TurnTrout comments on Do what we mean vs. do what we say

TurnTrout 31 Aug 2018 3:57 UTC
2 points
Perhaps “do what we say” is more like “know when the outside view says you’ve incorrectly converged to the wrong value function, so we’re probably right and you should listen to us”.
- Charlie Steiner 31 Aug 2018 20:44 UTC
  3 points
  Parent
  It’s somewhat more subtle than that. The ideal (and maybe impossible) corrigible AI should protect us even if we accidentally give the AI the wrong process for figuring out what to value. It should protect us even if the AI becomes omniscient.

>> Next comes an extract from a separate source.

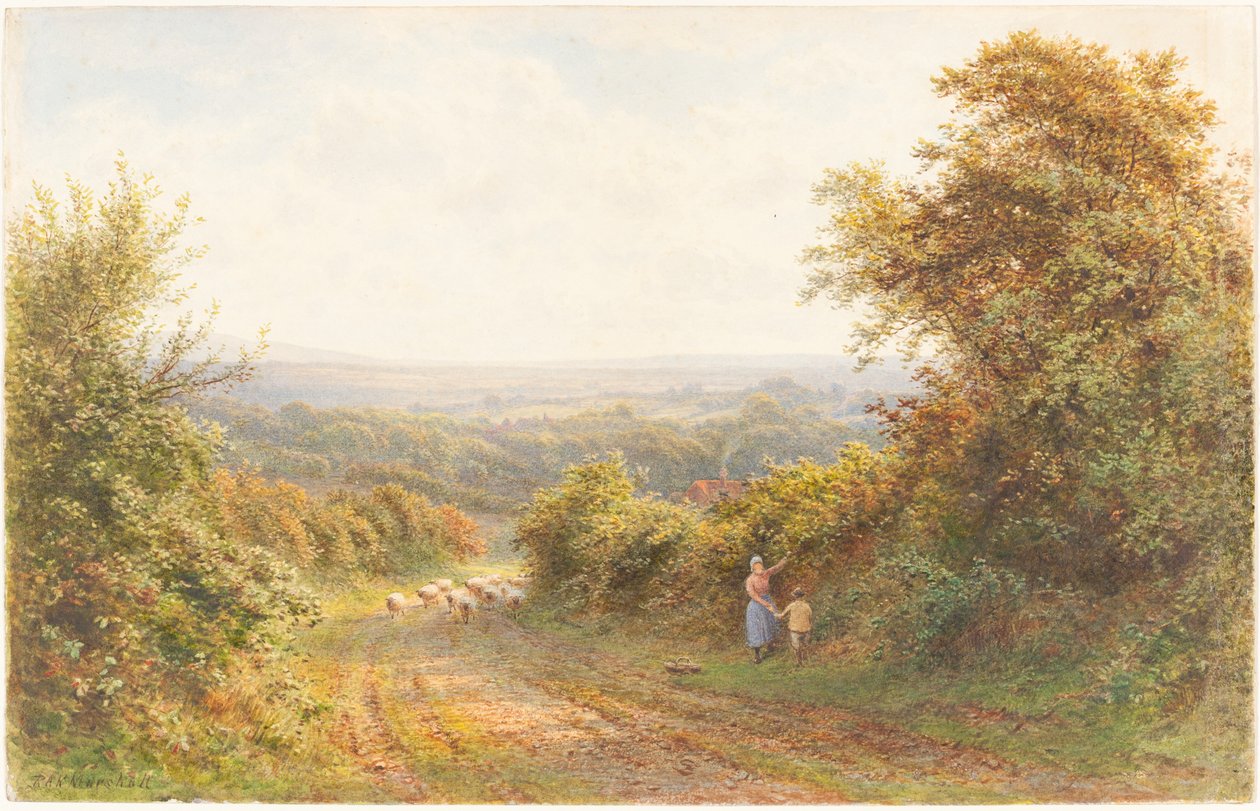 Eichhörnchenweg, nahe Magham Down, Sussex von Roberto Angelo Kittermaster Marshall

  If the AI knows vastly more than we do, there’s no sense in which we are providing extra evidence or an information-carrying “outside view”. We are instead just registering a sort of complaint and hoping we’ve programmed the AI to listen.
  I’m still not convinced that such a sort of corrigibility is in any way distinct from some extra complications in the process we give the AI for figuring out what to value.
  - TurnTrout 1 Sep 2018 2:44 UTC
    3 points
    Parent
    The outside view I had in mind wasn’t with respect to its knowledge, but to empirical data on how often its exact value-learning algorithm converges to the correct set of preferences for agents-like-us. That feels different.
- Rohin Shah 1 Sep 2018 18:34 UTC
  1 point
  Parent
  I assume you’re talking about the particular “do what we say” subsystem described in the second last paragraph? If so, that seems plausibly right.